May 14, 2015 | 3:14 pm PDT

219 views

0 comments

Perspective: Fox

There seems to be a lot of debate among C++ developers, regarding the performance implications of using exception handling. I've personally used exception handling on many of my projects. I've also worked on many projects where exception handling was expressly prohibited.

Before I go off on a rant, or bore 80% of the readers with facts, test results, and coding examples, let me cut right to the chase:

The exception handling framework used in most, if not all, contemporary C++ compilers absolutely will not noticeably, adversely affect the runtime performance of any "real world" system! At the same time, the inappropriate, naive use of exception handling absolutely will noticeably, adversely affect the runtime performance of any "real world" system.

"But wait", you say. "How is that possible?" Glad you asked.

In short, it is not the exception handling framework, nor the the actual throwing and catching of exceptions that may harm performance, but rather the effect that potentially throwing an exception has on the ability of the compiler's optimizer to effective apply optimizations. There are certain optimizations which, in the presence of a throw expression, the compiler may not be able to apply.

Now, let's get into the proof of the matter.

The Proof

First, let's consider some completely unrealistic, amazingly oversimplified scenarios which, as good, professional software engineers (or developers, if you prefer that term) we are unlikely to ever encounter in the real world. Why? To clarify the point, before we move on to some more real world cases.

In the below code example, we have a very simple main() function, which contains a loop that executes 10,000,000,000 (that's ten billion, for those that are intimidated by too many zeros) times.
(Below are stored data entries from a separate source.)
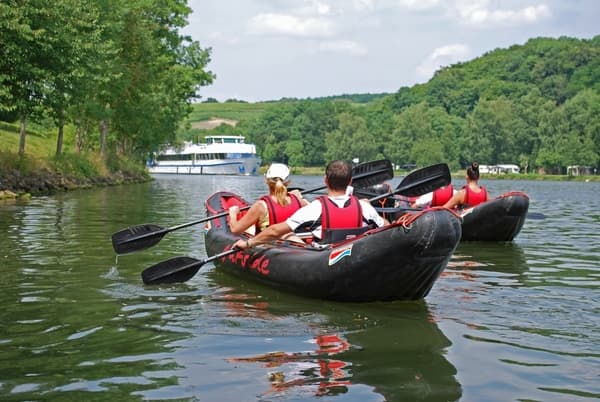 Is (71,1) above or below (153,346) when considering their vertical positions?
above

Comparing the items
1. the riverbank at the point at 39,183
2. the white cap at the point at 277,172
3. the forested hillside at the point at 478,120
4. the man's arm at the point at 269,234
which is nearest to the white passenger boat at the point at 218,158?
the forested hillside at the point at 478,120

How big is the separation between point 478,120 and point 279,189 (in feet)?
377

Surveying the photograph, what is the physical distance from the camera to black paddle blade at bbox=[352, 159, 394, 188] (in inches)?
524

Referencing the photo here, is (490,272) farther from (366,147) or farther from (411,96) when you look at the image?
(411,96)

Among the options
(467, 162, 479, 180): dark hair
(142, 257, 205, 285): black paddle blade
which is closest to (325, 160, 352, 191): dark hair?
(142, 257, 205, 285): black paddle blade

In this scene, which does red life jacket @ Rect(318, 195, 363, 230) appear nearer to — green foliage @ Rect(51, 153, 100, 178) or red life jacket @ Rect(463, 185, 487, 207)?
red life jacket @ Rect(463, 185, 487, 207)

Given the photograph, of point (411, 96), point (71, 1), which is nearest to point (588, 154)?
point (411, 96)

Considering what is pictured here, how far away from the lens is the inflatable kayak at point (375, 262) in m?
7.77

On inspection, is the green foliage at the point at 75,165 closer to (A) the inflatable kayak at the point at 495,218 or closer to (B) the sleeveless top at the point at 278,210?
(A) the inflatable kayak at the point at 495,218

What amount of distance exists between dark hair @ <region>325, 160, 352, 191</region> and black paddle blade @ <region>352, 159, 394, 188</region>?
4951 mm

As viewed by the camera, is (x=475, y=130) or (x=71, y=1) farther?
(x=475, y=130)

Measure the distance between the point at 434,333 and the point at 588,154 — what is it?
101m

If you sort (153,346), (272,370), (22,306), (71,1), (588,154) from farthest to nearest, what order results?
(588,154), (71,1), (22,306), (153,346), (272,370)

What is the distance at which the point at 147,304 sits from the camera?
865 centimetres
Each time through the loop, we call a very simple function which takes 3 parameters and does nothing of significance. The wcout calls are just to print the results to the terminal window (I'm a big fan of developing internationalized software so I tend to use wide characters whenever possible).


unsigned long SimpleFunc ( int nArg1, int nArg2, long nArg3 );

int main ( int argc, char** argv )
{
	//	This prevents the optimizer from being able to unroll the loop.
	unsigned long nIters = 10000000000;
	if ( argc == 2 )
		nIters = strtol ( argv[1], NULL, 10 );

	unsigned long g_nSum = 0;
	//	Generate psuedo random values to use as input to the function, so the compiler
	//		doesn't optimize them away.
	int nFoo1 = rand ( ) % 5;
	int nFoo2 = rand ( ) % 7;
	long nFoo3 = rand ( ) % 13;

	time_t tmStart = time ( NULL );
	clock_t nStart = clock ( );
	//	Execute the loop 10 billion times
	for ( unsigned long i = 0; i < nIters; ++i ) {
		unsigned long nFuncResult  = SimpleFunc ( nFoo1, nFoo2, nFoo3 );
		if ( nFuncResult == 0 ) {
			wcout << L"   *** SimpleFunc() failed!!!" << endl;
			continue;
		}
		g_nSum += nFuncResult;
	}
	clock_t nEnd = clock ( );
	time_t tmEnd = time ( NULL );

	wcout << L"    g_nSum = " << g_nSum << endl <<
			 L"    Total processor time:   " << nEnd - nStart << L" ticks." << endl <<
			 L"    Total wall clock time:  " << tmEnd - tmStart << L" seconds." << endl;

	return 0;
}

unsigned long SimpleFunc ( int nArg1, int nArg2, long nArg3 )
{
	int nReturn = 0;
	if ( nArg1 == nArg2 && nArg2 == nArg3 ) {
		return nReturn;
	}
	nReturn += nArg1 + nArg2 + nArg3;

	return nReturn;
}

Very simple. Very straightforward. If by chance, the three parameters to SimpleFunc() are the same value then it's treated as an error and SimpleFunc() returns 0. In other words, we're using the return value of 0 to indicate an error. You can download a copy of the complete source file here. We'll call this "test case 1".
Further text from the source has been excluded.